A. Identical or Confusingly Similar

The Complainant has provided evidence and has thus established its rights in the LEVI’S trademarks, registered in the US. The addition of generic terms does not escape a finding of confusing similarity. The Panel finds that the disputed domain name is confusingly similar to the Complainant’s LEVI’s trademark.

B. Rights or Legitimate Interests

The Policy requires the Complainant to make at least a prima facie showing that the Respondent has no rights or legitimate interests in the disputed domain name. Once the Complainant makes such a showing, the Respondent may provide evidence to demonstrate that it has rights or legitimate interests in the disputed domain name. The burden of proof, however, always remains on the Complainant to establish that the Respondent lacks rights or legitimate interests in the disputed domain name. See paragraph 2.1 of the WIPO Overview of WIPO Panel Views on Selected UDRP Questions, Second Edition (“WIPO Overview 2.0”).

The Complainant has alleged that the Respondent has no rights or legitimate interests in the disputed domain name with respect to the LEVI’s trademark.

With respect to paragraph 4(c)(i) of the Policy, there is no evidence that the Respondent, before any notice of the dispute, used the disputed domain name or a name corresponding to the disputed domain name in connection with a bona fide offering of goods or services.

With respect to paragraph 4(c)(ii) of the Policy, there is no evidence that indicates that the Respondent has ever been commonly known by the disputed domain name.

With respect to 4(c)(iii) of the Policy, the Respondent has not made or is not making a legitimate noncommercial or fair use of the disputed domain name.

In view of the above, the Panel finds that the Complainant has established the second condition of paragraph 4(a) of the Policy.

C. Registered and Used in Bad Faith

The Panel finds that the Respondent has intentionally registered the disputed domain name which reproduces the Complainant’s famous trademark LEVI’S. By the time the disputed domain name was registered, it was highly unlikely that the Respondent did not know of the Complainant’s rights in the trademark LEVI’S.

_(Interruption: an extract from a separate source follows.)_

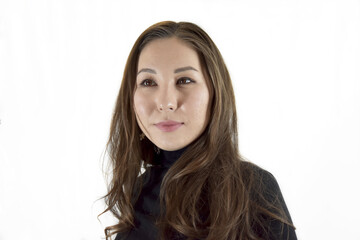 Naklejka premium Asian woman on isolated white background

The Complainant’s allegations of bad faith were not contested since the Respondent did not reply to the Complaint. The evidence provided by the Complainant confirms that it had long been using its LEVI’s trademark when the disputed domain name was registered, including in domain names highly similar to the disputed domain name.

The Panel finds that the Respondent must have been aware of the Complainant’s trademark when it registered the disputed domain name.

Also, under the Policy, it is evidence of bad faith that “by using the domain name, you have intentionally attempted to attract, for commercial gain, Internet users to your web site or other on-line location, by creating a likelihood of confusion with the Complainant’s mark as to the source, sponsorship, affiliation, or endorsement or your web site or location of a product or service on you web-site or location”, Policy paragraph 4(b)(iv). In the Panel’s opinion, the Respondent’s conduct falls under the circumstances of paragraph 4(b)(iv) of the Policy.

The Panel finds that using privacy protection services is further evidence of bad faith.

Therefore, the Panel finds the Respondent registered and is using the disputed domain name in bad faith and that the Complainant has established the third element of paragraph 4(a) of the Policy.

7. Decision

For the foregoing reasons, in accordance with paragraphs 4(i) of the Policy and 15 of the Rules, the Panel orders that the disputed domain name <levioutlet.com> be transferred to the Complainant.